To be sure, Benchmark remains one of the most prestigious firms on Sand Hill Road, so industry peers still predict that they’ll have young founders pounding at their doors regardless. And even if Benchmark’s relationship with Uber frayed at the end, their collaboration still produced billions of dollars for both parties — a success by the standard metrics of Silicon Valley that shouldn’t go unnoticed by the current crop of rising star founders.
But even the fact that some entrepreneurs are thumbing their noses at Benchmark speaks to just how controversial the lawsuit is in the industry.

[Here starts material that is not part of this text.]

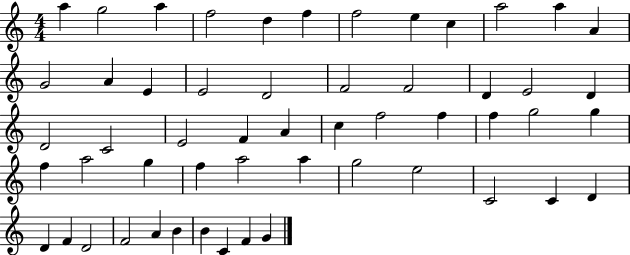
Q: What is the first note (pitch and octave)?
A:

No other prominent Uber investors have yet said they publicly support the lawsuit, effectively leaving Benchmark to fight this battle by itself. And Kalanick’s team of course has denounced it as an attempt to “silence his voice.”
Founders have long been encouraged to be choosy about the backers who serve on their boards, with savvier CEOs knowing full well that their investors could push them out of their own companies as they grow. But the fracas at Uber seems to have heightened the senses of some budding entrepreneurs.
“It would be naive to think that this won’t be front-of-mind for many founders raising in the very near future,” said Shayan Mohanty, a young founder.
As details of the unexpected lawsuit ricocheted through the tech community, several founders were quick to recoil on Twitter.
The “cost of accepting investment from Benchmark just went through the roof in minds of founders everywhere,” said one entrepreneur in Hong Kong, Larry Salibra.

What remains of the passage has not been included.